登攀終了点にはロワーダウン用のボルトがしっかりと埋めてある。また岩場の左右から上部に回り込むことが出来、ロワーダウン用のボルトまでの下降支点となる灌木には不自由しないのでトップロープも簡単に設置できる。さらに中間支点として短い間隔でグージョンボルト、ケミカルアンカーが打たれ、安心してリードすることが出来る。
昔から利用されてきたゲレンデだけに、狭いながらも主なラインだけで25本程度となる。さらに、色々なホールド制限を伴う、バリエーションが多数引かれて、豊かな課題を提供してくれる。多くのクライマーがそれぞれに独創的なラインを引いたが、特に、広瀬政廣氏を中心としたメンバーの活躍が華々しい。一方、狭い場所にルートが集中しているため、ライン取りが分かりにくく、オリジナルとは違った部分を登ってしまうことがある。ホールド制限が設けられているルートは、初めてこの岩場を訪れるクライマー(このトポはそれらの人を対象としている)には分かりづらいので、概念図では、格別なホールド制限を行わない、弱点を繋いだラインだと感じられるルートを掲載し、ホールド制限が設けられていても、原則としてそれらに触れていない。岩場に残されている広瀬氏のトポにはホールド制限が詳しく記されているので、それを参照のこと。
バリエーションルートについては、数人の熟練者に聞き、私の知り得た部分について、別に独立して纏めることにする。なお、このトポは広瀬氏のトポを参考にさせていただいたことを付記しておく。岩場の全景写真は10枚以上の部分写真を貼り合わせた物であり、一部に歪みや位置のズレが生じているので承知ありたい。

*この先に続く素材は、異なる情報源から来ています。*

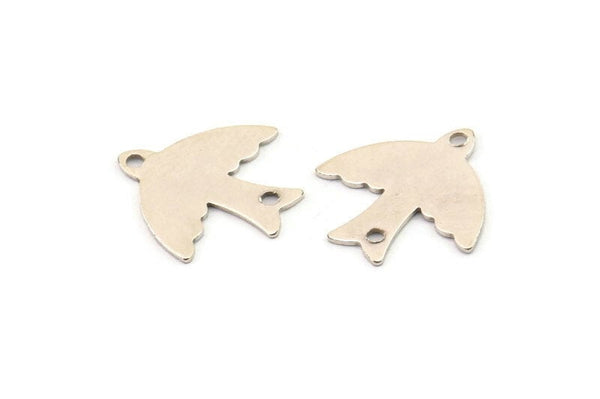 Gümüş Kuş Tılsımı, 2 Delikli 24 Antik Gümüş Kaplama Pirinç Kuş Bağlantı Parçası, Tılsımlar, Bulgular (15 mm) B0329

旧石切場であったためか、岩壁基部は広場を成し、明るく開けて気持ちがよい。岩場の横を飲料となる小川が流れているから、付近にテントを張ることも可能である。あらゆる点で練習場として使いやすい岩場と言える。
アプローチ
1. 福岡市西部より
国道385号線を南畑ダムに向かって進み、「市の瀬」バス停を過ぎ「中之島公園」から1.2キロのところ
で左に分かれる舗装道路に入る。入口が分かりにくいので注意が必要。離合が出来ない部分が多い狭い車道を上り詰めたところが三叉路を成し(国道385号線との分岐より5.6キロ、以下同じ)、真っ直ぐ進めば九千部山へ向かう。この三叉路を左へ入る。そのまま下ると県道329号線となり、河内ダムの手前で、右へ折れ橋を渡る(9.9キロ)。「鳥栖市民の森」を通り、鳥栖市内方面へ向かって下るうちに、東(あずま)橋(12.8キロ)へ出る。右へ曲がって橋を渡る。「長崎自動車道」が見えたら行きすぎである。東橋か0.4キロ程の右側に筑紫氏遺跡と駐車場があり、このすぐ上で道は2つに分かれる。離合不能の右の道へ入り、小集落を過ぎて登っていくと、車道終点に広い駐車場がある。ここまで国道385号線との分岐から15キロ、35分程度である。歩き始めて2分で歩道は2つに分かれる。小川を渡り、左へ入る。さらに4分で左へ細い踏み跡が分かれるので、こちらへ入る。すぐにぐらぐらの鉄橋を渡る。道は広くなり、5分で右手に岩場が開ける。
2. 福岡市南部より
国道3号線を南下し、JR「弥生が丘」駅の南、「永吉」で左に国道34号線が分岐する。国道34号線へ
入り、2キロほどで、「田代大官町」の交差点を右へ曲がる。そのまま道なりに進み、「池の内」交差点を
過ぎ「長崎自動車道」を潜ると、すぐに東橋に出る。または、県道31号線を南下していくと、そのまま鳥
栖筑紫野道路に入る。さらに南下すると県道17号線となる。その直後、「池の内」交差点に出る。こちら
の方が、渋滞が少なくて所要時間が短い感じがする。これ以降は前項を参照の事。
ルート解説
1. ジグザグ(10m、5.7、ボルト2本)
スラブの最も左手に引かれたライン。下部はホールドのしっかりしたフェイスで容易だが、上部はホールドが無くなる。ここはバンド伝いに左へトラバースした後、一段登り、今度は右へトラバースして上に抜ける。終了点は上部の灌木。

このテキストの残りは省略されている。